While November 11 1918 is remembered for the Armistice which ended World War One, what is often overlooked is that the war continued right up to the 11am ceasefire. On that day around 11,000 men were listed as casualties, including 2738 killed (863 from Britain and the Commonwealth). One of those was 20-year-old 2nd Lieutenant Ralph Piggott Whittington-Ince (1&4 South 1915) of the 11th Battalion of the East Yorkshires.
Whittington-Ince was the second youngest of eight children (and the youngest of three sons) of the Rev Edward Ince. The family name of Whittington-Ince was created by Royal Licence in 1893 when the Reverend Ince was granted the use of the surname and coat of arms by William Whittington-Ince of Douglas, Isle of Man in his will. The family can trace its ancestry back to William the Conqueror.
Ralph was born at the British Chaplaincy in Milan in 1898 and grew up in Ellesmere where, along with his two brothers, he attended St Oswalds School. In 1912 the family moved to Hampshire and Ralph, by then 11, was sent to Cranleigh. Throughout his time at the School he was known by the surname Ince.

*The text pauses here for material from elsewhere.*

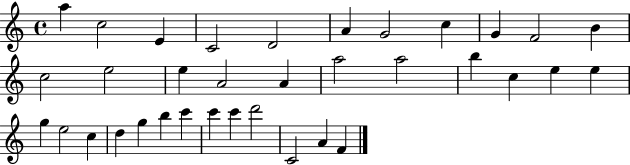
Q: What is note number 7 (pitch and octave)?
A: G4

In June 1915 he secured a place at Sandhurst and left Cranleigh midway through the summer term for officer training. Herbert Rhodes, his headmaster, wrote that he was “satisfactory but very slack at times”.
Ralph obtained a commission in the East Yorkshires on April 7 1916 and proceeded to France at the beginning of February 1917. He saw a considerable amount of action with his battalion and after a daylight raid at Fresnoy on November 8 1917 he was awarded the Military Cross for his “fine leadership and good example”.
By November 1918 the 11th battalion of the East Yorkshires were in pursuit of the retreating Germans along the Renaix-Brussels Road. German deserters, who had been hidden in the cellars of Renaix, gave themselves up on the morning of the 10th. As the advance pressed on, C Company, including Ralph, met sporadic resistance, but this became more intense as they reached the village of Flobecq where “a considerable amount of opposition was met with enemy machine guns”. It was here that he was hit by machine gun fire and seriously wounded. He was evacuated to Casualty Clearing Station No. 36 at Sweveghem where he died in the early hours of November 11. He was buried in the local churchyard and later moved to the CWGC cemetery at Vichte.
The battalion diary noted that at 2.30am on November 11 “news was received that an armistice was signed and would come into force at 11am.”. Even then, the battalion were ordered to “establish a line as far east as possible” and the advance continued, albeit without any resistance.
One can only imagine what his mother, who had been widowed the previous summer, went through. As the Armistice was celebrated on November 11 she almost certainly would have thought her three sons had all survived. Within a day or two the telegram containing the news of Ralph’s death arrived.